----- Listed records -----
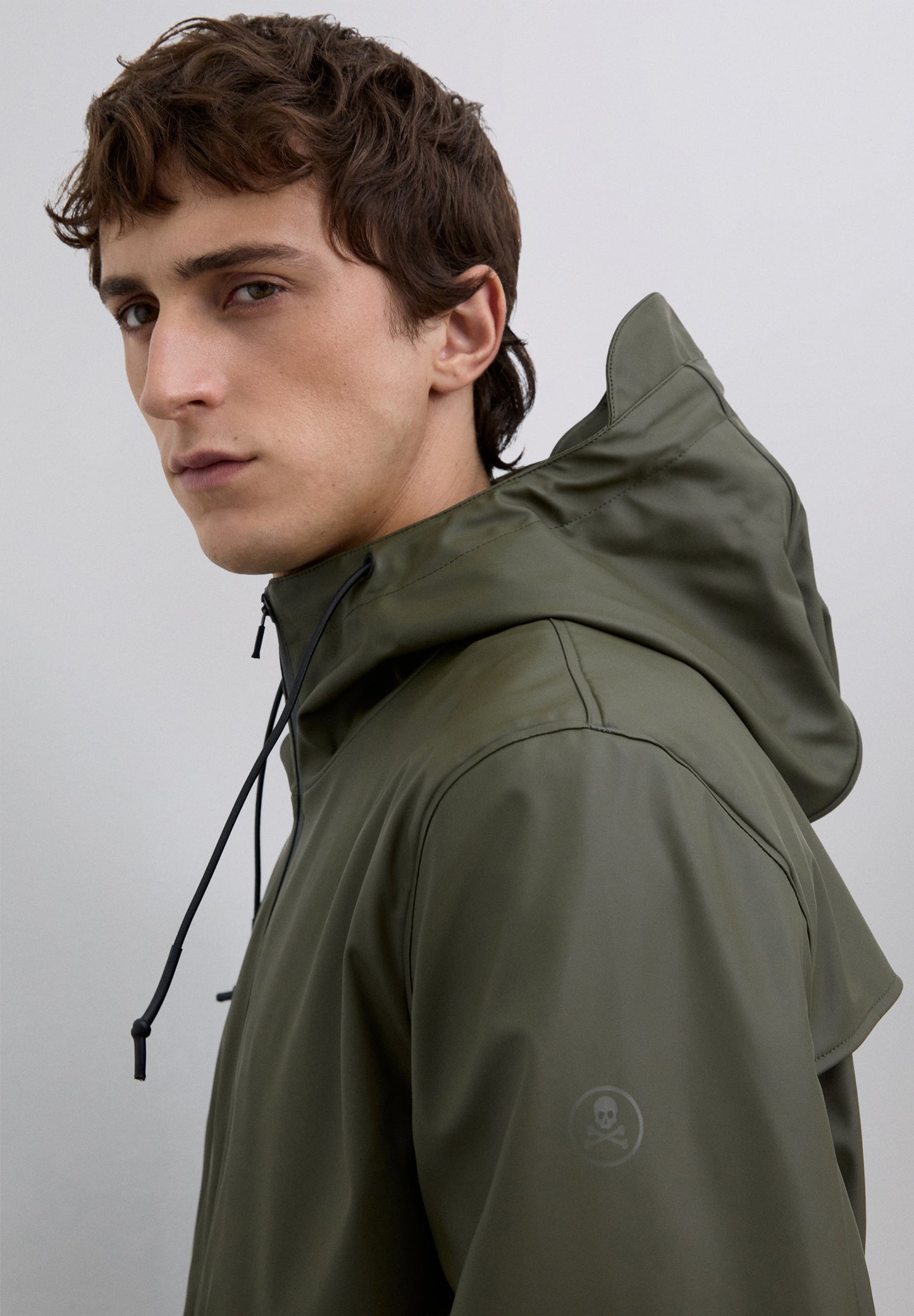 CHAQUETA IMPERMEABLE LOGO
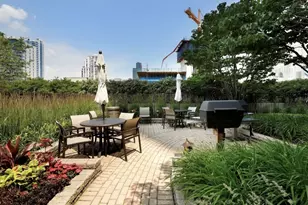 400 N LaSalle St, Chicago, IL 60654 - Photo 11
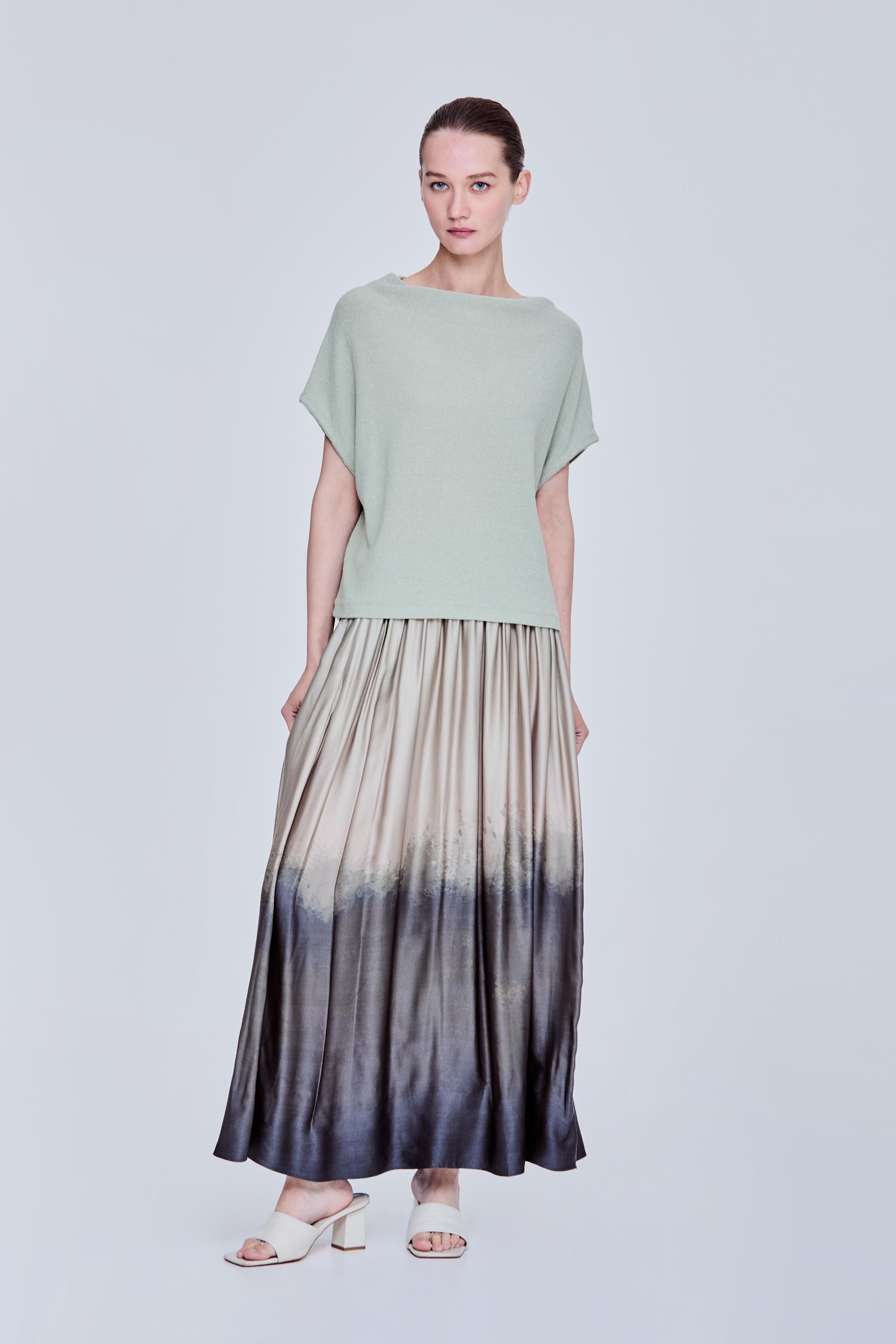color:LIGHT GREEN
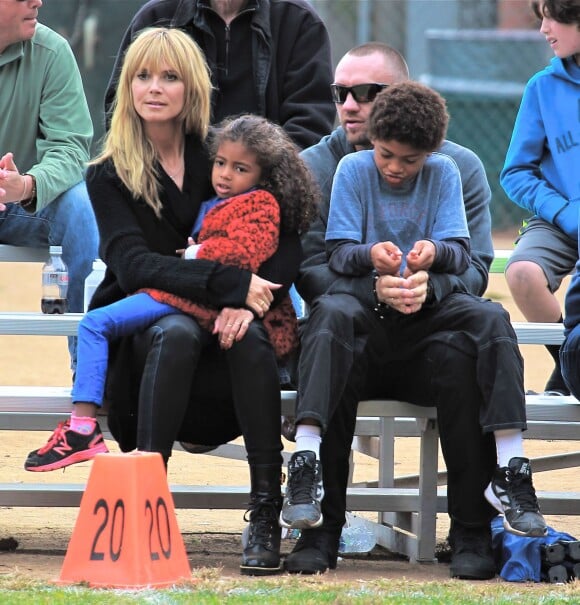 le top allemand Heidi Klum en compagnie de son petit ami Martin Kirsten assistent au match de football de ses enfants ( Leni, Henry, Johan et Lou ) à Brentwood Los Angeles, le 16 novembre 2013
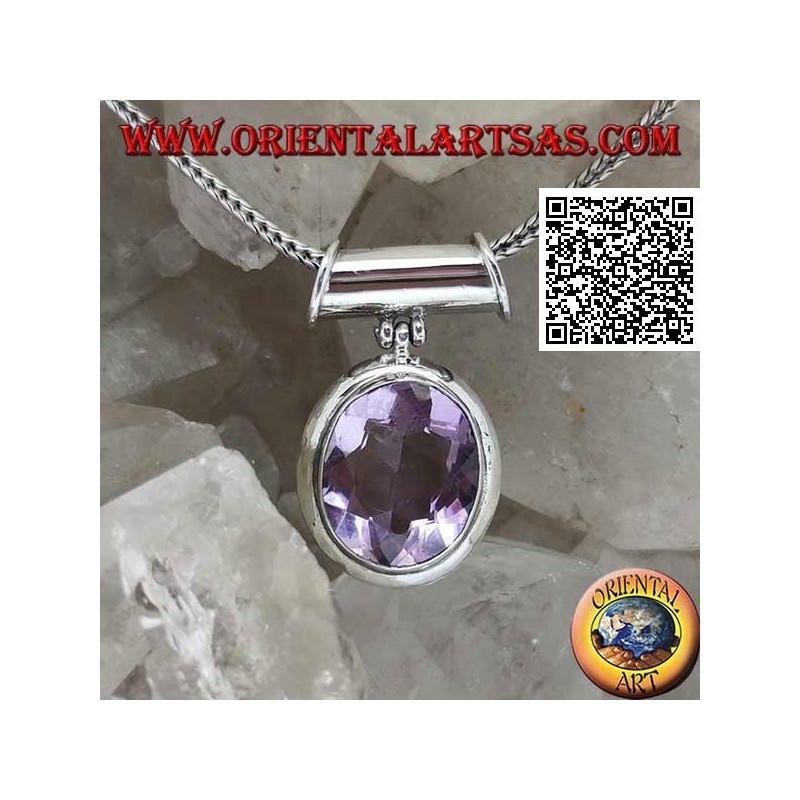 Pendentif en argent avec une superbe améthyste naturelle ovale facettée sur une monture lisse et un crochet tubulaire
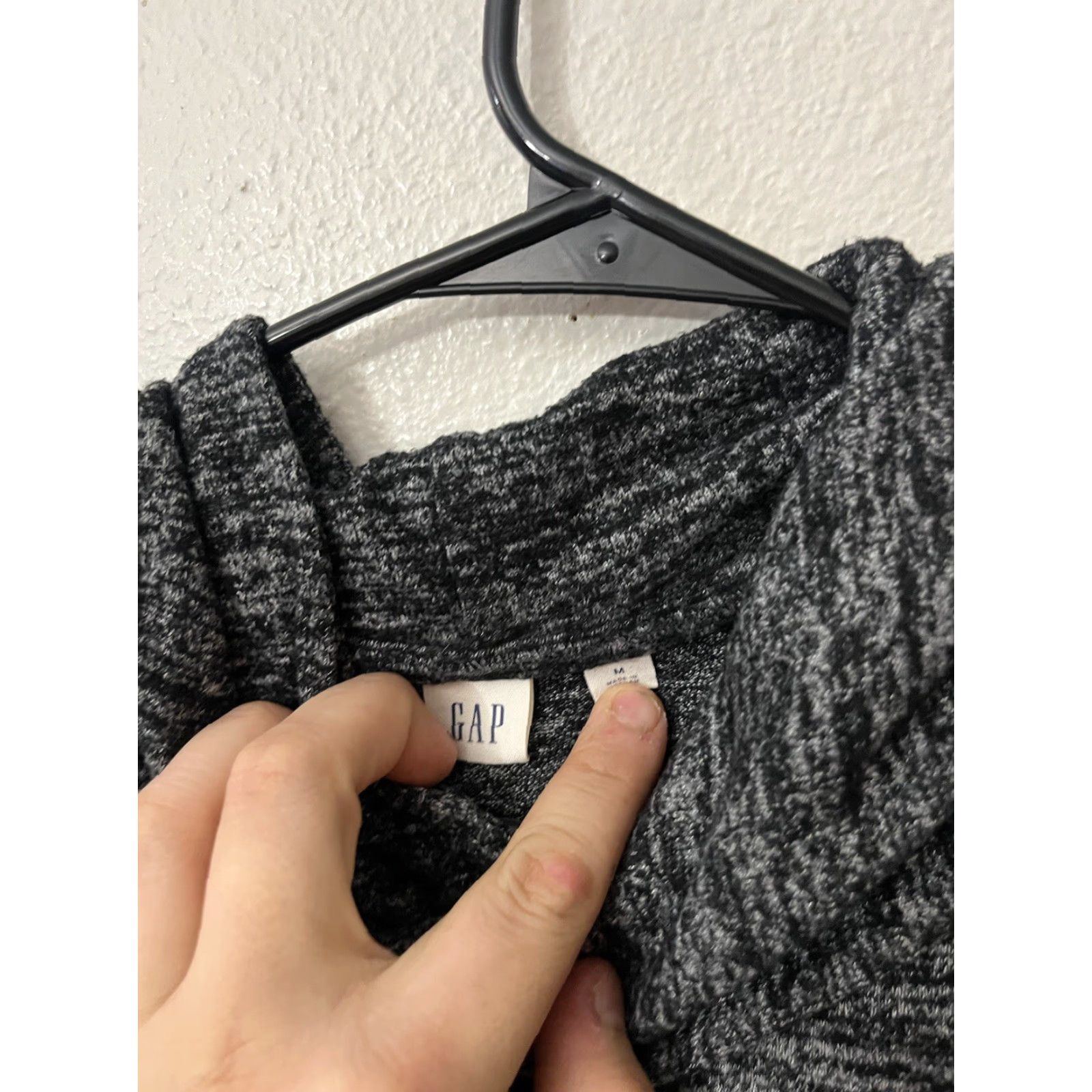 Gap Gap Women Black Pullover Hoodie Medium Solid Cotton Blend Size M / US 6-8 / IT 42-44 - 2 Thumbnail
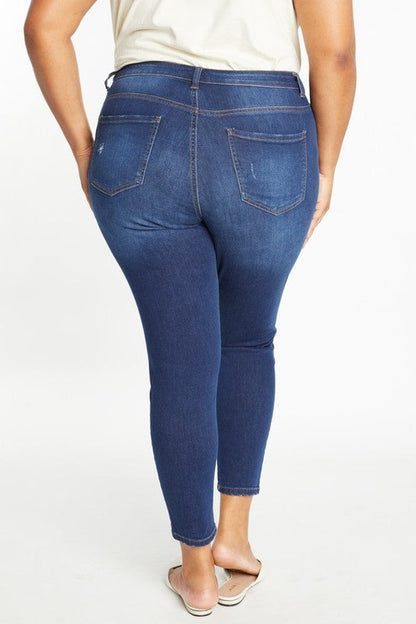 CURVY DESTRUCTED ANKLE SKINNY JEAN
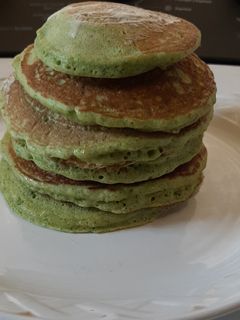 Una foto de Hot cakes Hulk 💚 (espinaca)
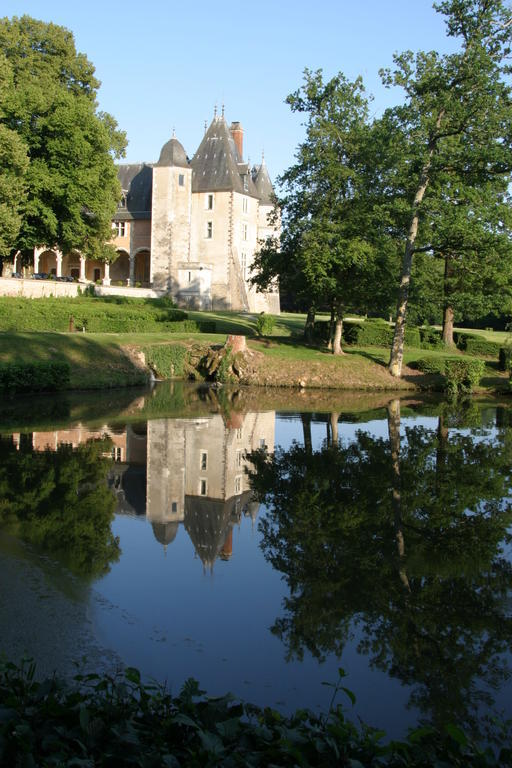 Hôtel Chateau De La Verrerie à Aubigny-sur-Nère Extérieur photo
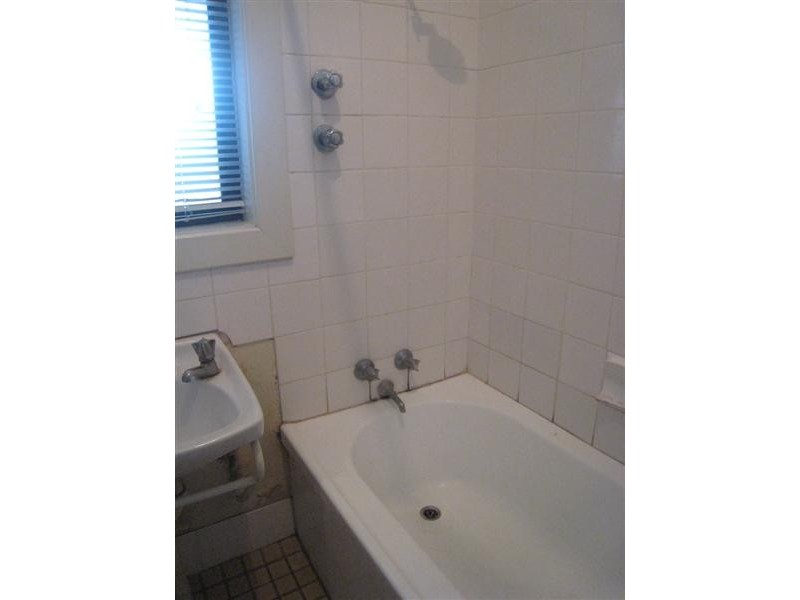 8 First Avenue, Port Lincoln SA 5606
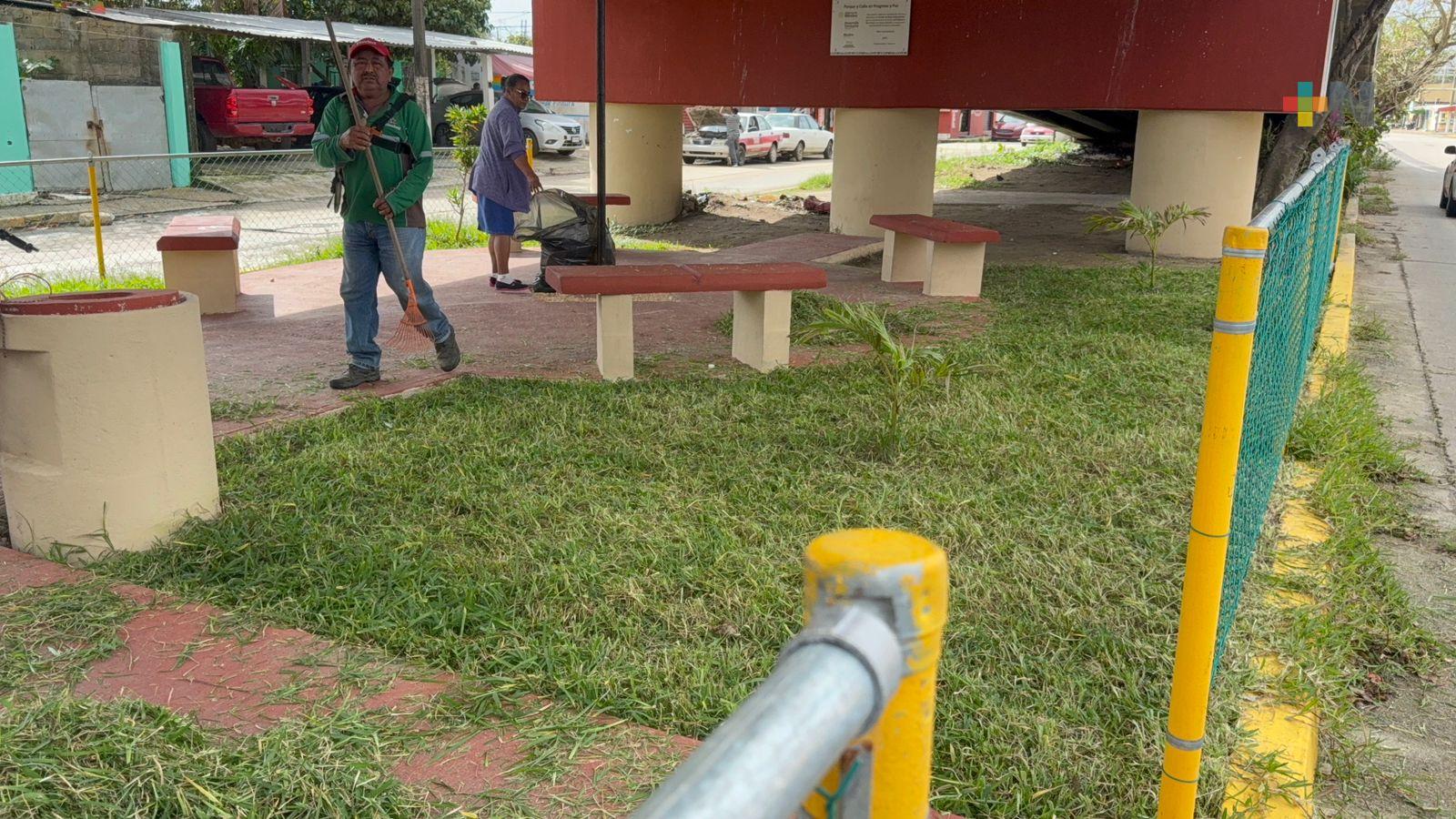 Vecinos de Coatzacoalcos piden intervención en parque bajo el puente de Avenida Uno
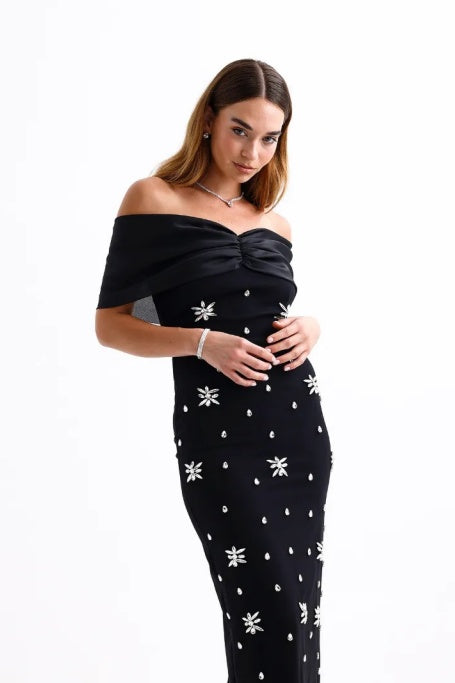 Griselda Omuzu Açık Kristal Taşlı Maxi Elbise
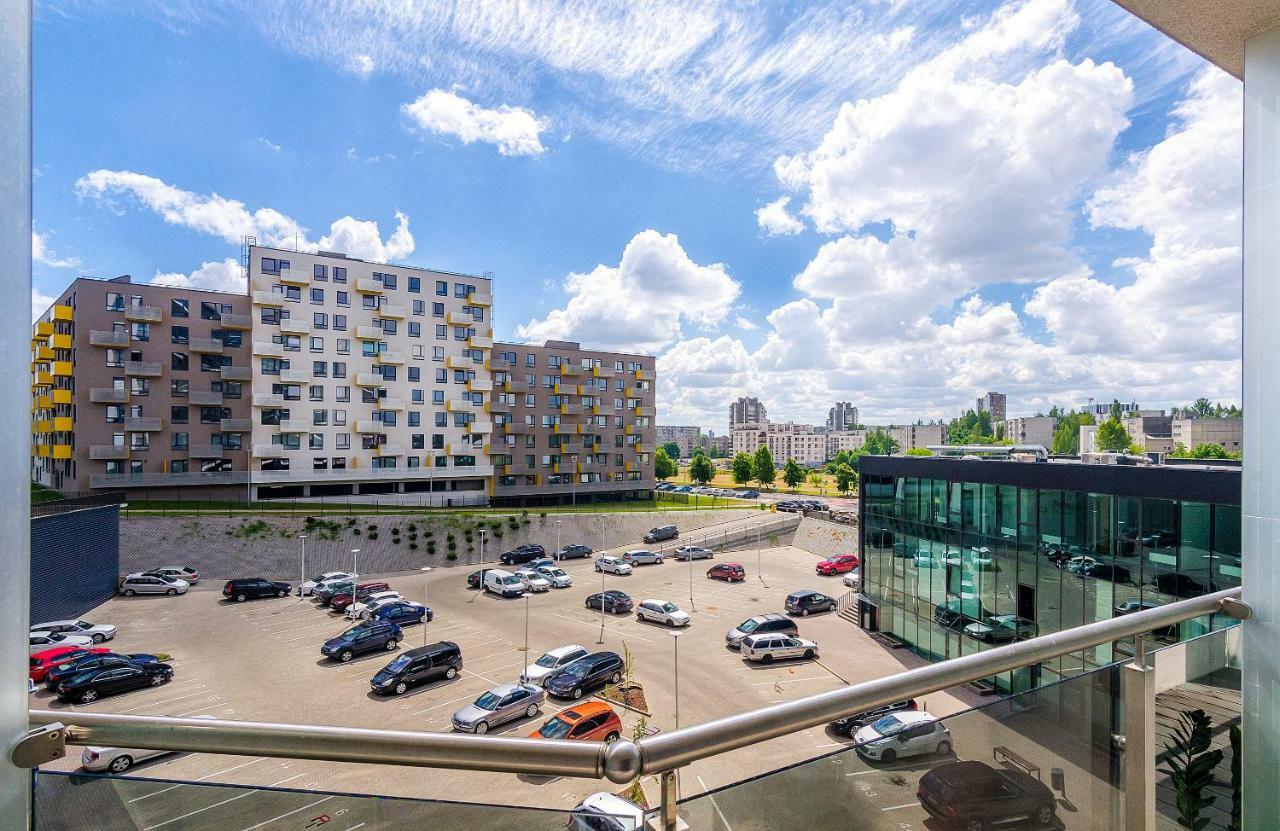 Bright Apartment Near Akropolis Vilna Exterior foto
-----
## Task directions
Keep the pictures out and transcribe the listing exactly.

## Exercise response
 CHAQUETA IMPERMEABLE LOGO
 400 N LaSalle St, Chicago, IL 60654 - Photo 11
color:LIGHT GREEN
 le top allemand Heidi Klum en compagnie de son petit ami Martin Kirsten assistent au match de football de ses enfants ( Leni, Henry, Johan et Lou ) à Brentwood Los Angeles, le 16 novembre 2013
 Pendentif en argent avec une superbe améthyste naturelle ovale facettée sur une monture lisse et un crochet tubulaire
 Gap Gap Women Black Pullover Hoodie Medium Solid Cotton Blend Size M / US 6-8 / IT 42-44 - 2 Thumbnail
 CURVY DESTRUCTED ANKLE SKINNY JEAN
 Una foto de Hot cakes Hulk 💚 (espinaca)
 Hôtel Chateau De La Verrerie à Aubigny-sur-Nère Extérieur photo
 8 First Avenue, Port Lincoln SA 5606
 Vecinos de Coatzacoalcos piden intervención en parque bajo el puente de Avenida Uno
 Griselda Omuzu Açık Kristal Taşlı Maxi Elbise
 Bright Apartment Near Akropolis Vilna Exterior foto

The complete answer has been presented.